Second, in some factual dilemmas, the pairing of action (vs. inaction) with utilitarianism (vs. deontology) is reversed. As already mentioned, trolley-type dilemmas always employ proscriptive deontological norms, that is, forbidding specific actions. Some factual dilemmas employ prescriptive deontological norms, that is, norms that involve actions, such as saving human lives. Studies using dilemmas where action coincides with deontology can show whether judgments in dilemmas with proscriptive and prescriptive norms employ similar psychological processes.
Third, factual dilemmas employ a wider set of deontological moral norms. Trolley-type dilemmas always involve the question of whether or not it is appropriate to kill a human being, with torture as the only exception. In addition to 22 life-or-death situations (decisions about killing or saving lives), the factual dilemmas contain 16 dilemmas involving other deontological moral norms, such as norms about bodily inviolateness, animal suffering, or intentionally breaking laws (for a complete list, see Table 2). These dilemmas can be used to test whether an influence on dilemma judgments generalizes beyond killing/saving decisions to other moral dilemma judgments. In sum, in addition to increasing realism, the factual dilemmas allow for three steps of increasing generalization compared with trolley-type dilemmas, from more varied and detailed but structurally similar dilemmas, over a generalization concerning action/inaction, to general dilemma situations (i.e., beyond killing/saving) contrasting consequence optimization with the adherence to commonly endorsed deontological moral norms.
Here, we present two studies where participants evaluated trolley-type and our newly developed factual dilemmas. To determine whether factual dilemmas are superior to trolley-type dilemmas as stimuli for moral psychology studies, we used perceived realism as a first criterion. Trolley-type dilemmas are generally perceived to be unrealistic, which could distort results (see above). Moreover, realism has been found to influence dilemma judgments (Kneer & Hannikainen, 2022; Körner et al., 2019). Therefore, we consider highly realistic dilemmas to be superior as stimuli for moral psychology. Accordingly, we asked participants in both studies to evaluate dilemma realism. As a second quality criterion, participant engagement was assessed. High participant engagement is a precondition of dilemma judgment validity (Bauman et al., 2014). Moreover, higher realism should increase participant engagement (Busselle & Bilandzic, 2008). To measure participant engagement, we assessed response times (Study 1) and participants’ judgments how seriously they took the dilemmas (Study 2). We predicted that factual dilemmas would be perceived to be more realistic than trolley-type dilemmas and would lead to higher participant engagement.
Study 1
We developed dilemmas based on historic facts. For this, we gathered information on various events where norms and consequences seemed incommensurate. We excluded situations for which viable alternative actions (compared with both the default and the intervention option presented in the dilemma scenario) seemed possible (see Körner et al., 2019) and situations for which we did not find at least one source reporting the main facts in a reputable journalistic or historic/scientific outlet. Using the remaining events, we wrote dilemma texts, highlighting the situation, the options, and their consequences in a manner similar to trolley-type dilemmas. However, the descriptions were generally longer and contained more details.

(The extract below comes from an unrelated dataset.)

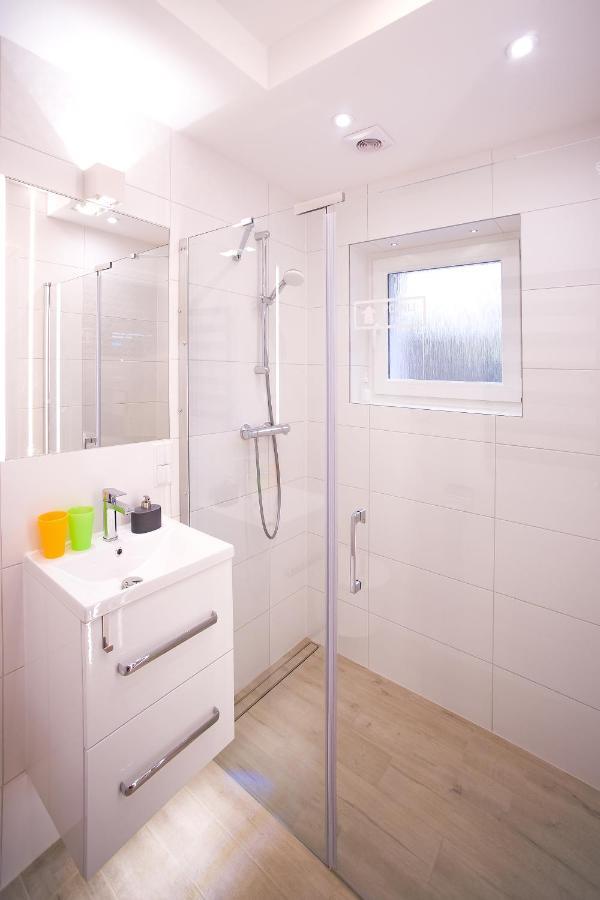 Apartamenty Sjesta River Kudowa-Zdrój Buitenkant foto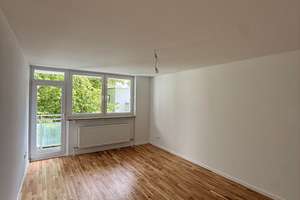 Sonniger Balkon mit Blick ins Grüne – 3 Zimmer im 3. Stock in München – Gerhart-Hauptmann-Ring 64, 81737 Neuperlach, München – Vorschaubild 2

The main aim of Study 1 was to test how these factual dilemmas are evaluated compared with trolley-type dilemmas. Our hypothesis was that factual dilemmas would be perceived to be more realistic than trolley-type dilemmas—more typical of real-life situations, more plausible, and less absurd. Moreover, if higher realism increases participant engagement, we would expect participants to spend more time on reading and answering factual (vs. trolley-type) dilemmas.
Method
To prevent fatigue-related effects, the dilemmas were split into smaller subsets of nine to 20 dilemmas, comprising six sets, each used in one data collection wave. 1 In both studies, all measures, manipulations, and exclusions are reported. Neither study was preregistered. All stimuli, materials, raw data, and analysis files can be found at: https://osf.io/cg5tq/.
Participants
A total of 545 German-speaking participants (406 female, 139 male, Mage = 27 years, SDage = 9) from the local participant pool (consisting mainly of students from different disciplines) completed the study in the lab, approximately equally distributed across the data collection waves, in exchange for 9€/hour. 2
We expected at least medium-sized effects when comparing factual and trolley-type dilemmas for realism. However, to gain more precise estimates (and be able to compare individual dilemmas), we employed a much larger sample size, at least 80 participants per dilemma. The final sample size depended on logistic constraints. With 545 participants and α = .05, the sensitivity analysis for Study 1 yields 80% power to detect, dz = 0.12.
Dilemmas
As factual dilemmas, we used 16 killing dilemmas (similar to trolley-type dilemmas), six saving dilemmas (using the opposite moral principle–action pairing), and 16 dilemmas involving other norms (10 of which use a utilitarianism–action pairing and 6 a deontology–action pairing). For an overview of the content, see Tables 1 and 2, and for full texts (German and English), see the Appendix.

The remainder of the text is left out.